If you’re co-parenting with an alcoholic partner or ex-partner, day-to-day parenting activities and responsibilities can become more challenging.
Most parents in this situation worry about the impact an alcoholic partner or ex-partner can have on the children.
As a caring parent, your top priority is to protect your children physically and emotionally.
However, not knowing where to begin when co-parenting with an alcoholic can make the entire situation overwhelming.
How do you co-parent with an alcoholic? To protect your children, you should:
- Explain alcoholism in a way they can understand
- Help them understand and deal with their feelings
- Model good behavior, and listen without judgment
- Create new structures and boundaries that they can rely on
- Ensure a safety net is in place for when/if things go wrong
By educating your children on alcoholism and helping them understand their feelings while modeling good behavior and setting new boundaries, you can safeguard your children from the potentially damaging impact of living with an alcoholic parent.
Read on to learn more about how to do that effectively.
Co-Parenting With an Alcoholic
Here’s how you can effectively apply 5 steps to protect your children when co-parenting with an alcoholic:
Explain Alcoholism in Terms Children Can Understand
While you may think that your children haven’t heard the hissed behind-closed-doors arguments or sensed the tension between you and your partner, they most likely have.
Children are far more perceptive than most adults give them credit for, and while they may not know exactly what is wrong, they may know something is off.
If the alcoholism has been hidden or absent prior, they may have noticed that one parent is not acting the same anymore.
You may have to explain that your partner is not at home because of an addiction. The language you use will depend on your child’s age and level of understanding.
For instance, older children can understand the facts more and ask questions that help them understand, whereas younger children only require minimal basics.
Saying something like, “Many people drink and don’t have a problem, but some find it very hard to stop even if it causes bad things. This is what alcohol addiction is, and it’s not anyone’s fault. It’s an illness that someone can recover from if they get treatment,” may be a good starting point.
Help Children Understand and Deal With Big Feelings
Some children believe that alcohol abuse is somehow their fault, which can lead to “big feelings.” It’s important to explain that problems parents face are not a result of anything they have done.
Some children can feel anxious or nervous when there’s an uncomfortable change. Others can become embarrassed and angry.
Helping your child deal with these feelings can be done by:
- Letting your child know you’re available to talk at any time. If your child seems uncomfortable talking about it, let them know that you’re always available to talk but can stop talking about it right now if that’s better for them.

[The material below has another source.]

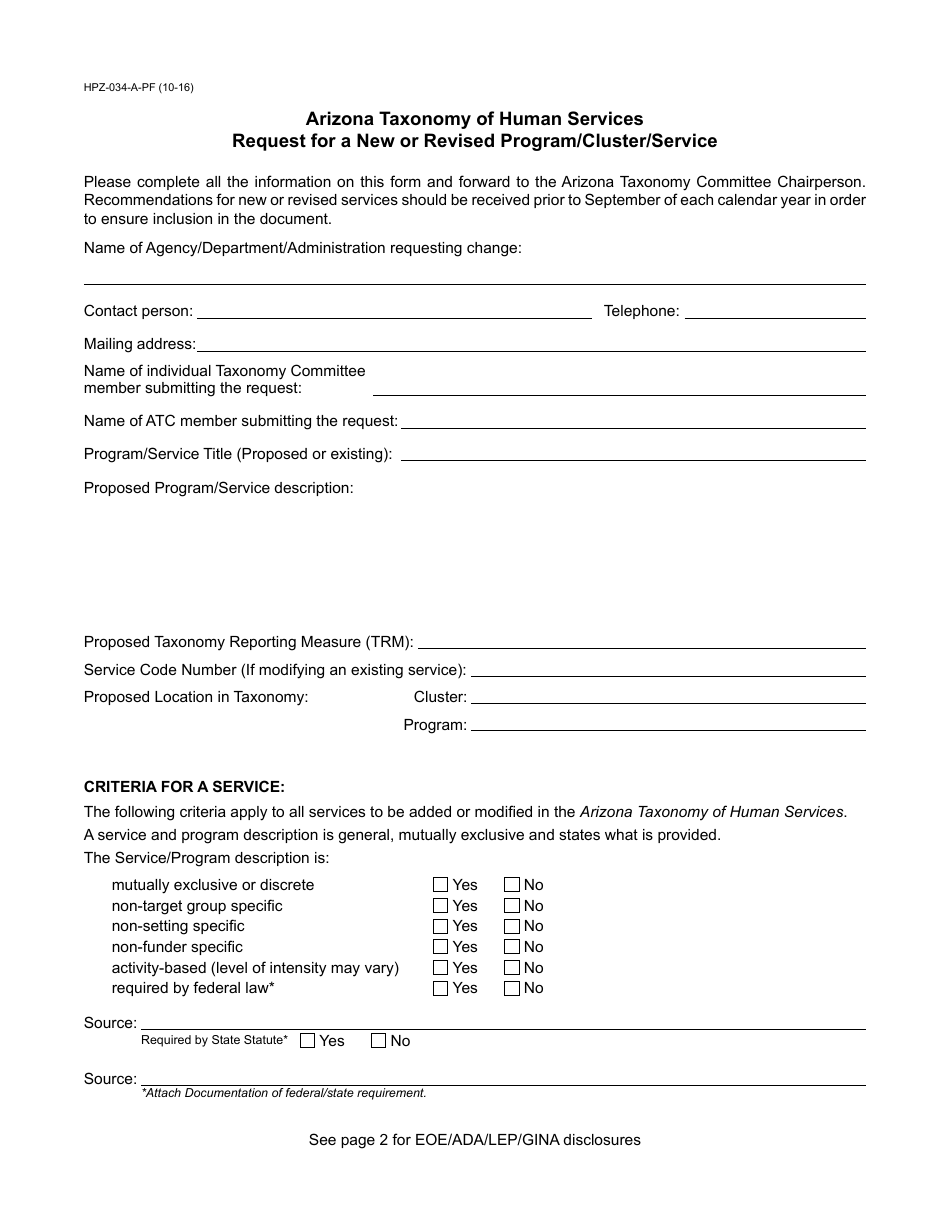 Form HPZ-034-A-PF Request for a New or Revised Program / Cluster / Service - Arizona, Page 1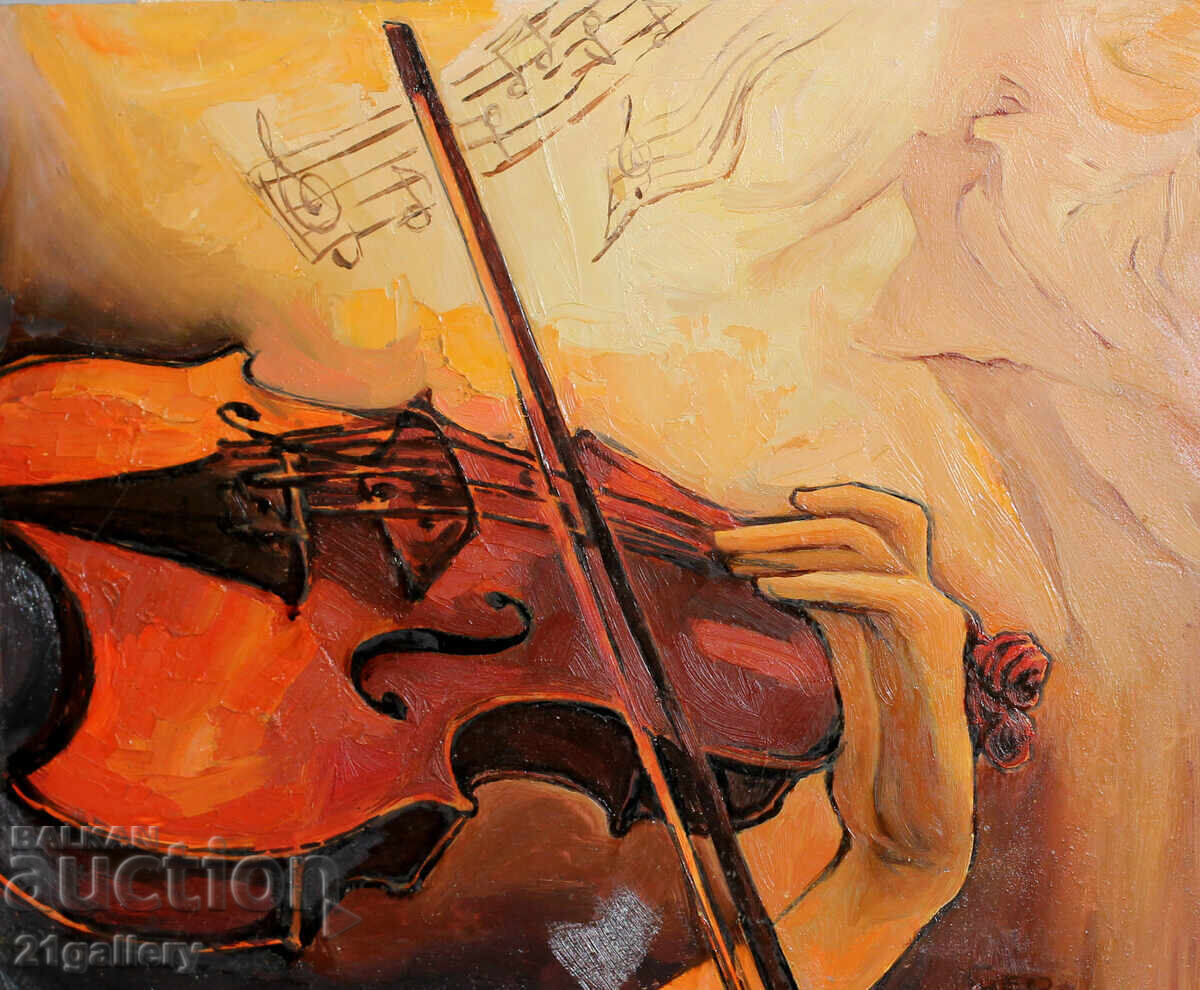 Contemporary oil painting, violinist signed with price 220.00 BGN | € 112.48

- Showing them what a balanced, healthy, and happy parent looks like (this is modeling good behavior).
- Providing security and endless love so they always know they have a place of safety.
Model Good Behavior & Provide a Non-Judgmental Listening Ear
When children witness a parent they love behaving badly/negatively, it can create confusion and fear. They may find it hard to separate the behavior they’re witnessing from the parent they love.

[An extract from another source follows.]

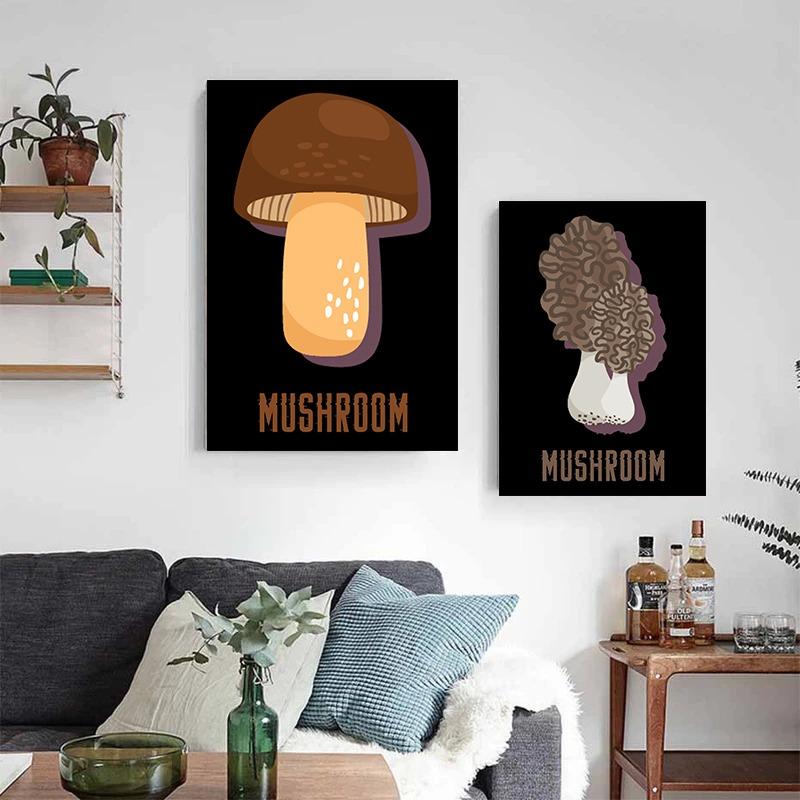Póster de Setas Variadas Moderno Lindo Comida Seta Dibujos Animados Pintura en Lienzo Arte de Pared Imagen para Cocina Sala de Estar Decoración del Hogar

Explaining that the behavior is not their parent but a product of the problem may help them understand the situation better. You can then model good behavior so that they feel safe and healthy.
But how do you model good behavior? How you approach alcohol and lifestyle will be quickly absorbed by your children.
It would help if you showed them a healthier way of living by eating a healthy diet, being physically active and encouraging the same, not drinking in front of your children, and having a regular bedtime routine.
Create New Reliable Structures and Boundaries
While children may love to push the boundaries occasionally, they find a sense of safety and security in routine.
Try keeping a child up later than their usual bedtime or take them out for dinner every night of the week. You’ll notice negative behavioral responses (this is not recommended — just an observation).
Having a healthy and set routine in your home will help your child feel safe and stable.
That said, if you’re sharing custody of your child with an alcoholic ex-partner, you may find that their routine at the other home is disrupted and can change last minute.
Preparing your child for this by explaining the reasons why can help them better accept and adjust to the sudden changes without it making them feel too unsafe or disrupted at the moment.
Ensure a Safety Net Is in Place for When Things Go Wrong
Having safety nets can help keep your child safe when things go wrong.
For example, if your ex-partner intends to drink or has a known celebration coming up, kindly offer to take the children for that particular time.
You should also ensure that your child knows your contact number if something goes wrong and who to talk to if they feel unsafe.
Not instilling fear in your child when creating safety nets is important. While you want them to know exactly what to do if they feel unhappy or unsafe, you don’t want to create undue fear.
Drinking and driving is a major concern for parents co-parenting with an alcoholic ex.
According to Myfamilylawyer.net, you can have it stipulated in your divorce decree that you are responsible for any pickup and drop-off duties during visitations or that the children can only get in the vehicle when sobriety is monitored.
When To Seek Legal Help
If you don’t have any safety nets for the children in your divorce decree or custody agreement and your partner has since developed an alcohol addiction, you may need to seek legal help to protect your children.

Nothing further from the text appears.